What this task involves
Every line of the listing must be reproduced as it stands. Leave the images behind.

Data section
------------------------------------------------

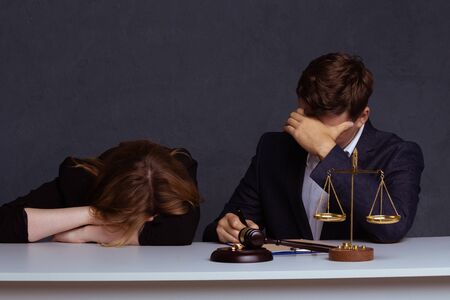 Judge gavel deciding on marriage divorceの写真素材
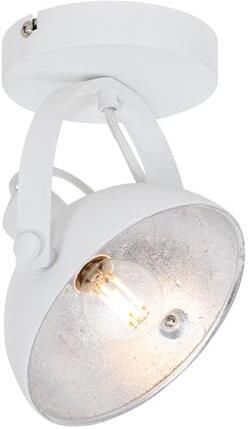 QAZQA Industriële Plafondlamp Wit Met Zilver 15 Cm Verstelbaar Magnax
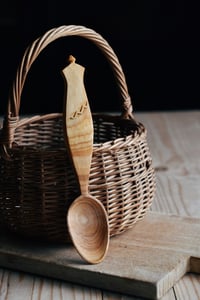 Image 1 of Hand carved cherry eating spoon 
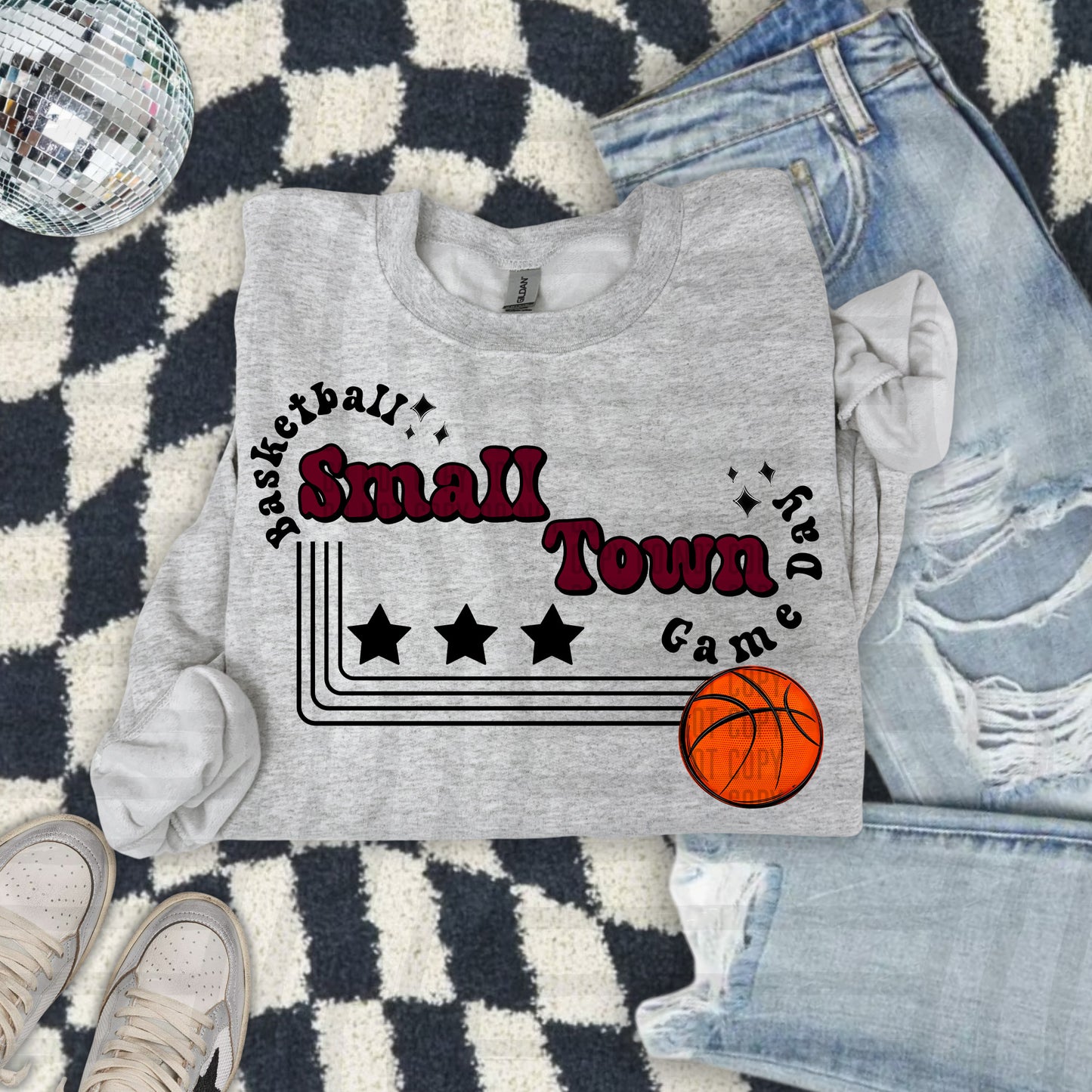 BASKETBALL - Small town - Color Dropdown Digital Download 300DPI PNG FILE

------------------------------------------------

The completed task
 Judge gavel deciding on marriage divorceの写真素材
 QAZQA Industriële Plafondlamp Wit Met Zilver 15 Cm Verstelbaar Magnax
 Image 1 of Hand carved cherry eating spoon 
 BASKETBALL - Small town - Color Dropdown Digital Download 300DPI PNG FILE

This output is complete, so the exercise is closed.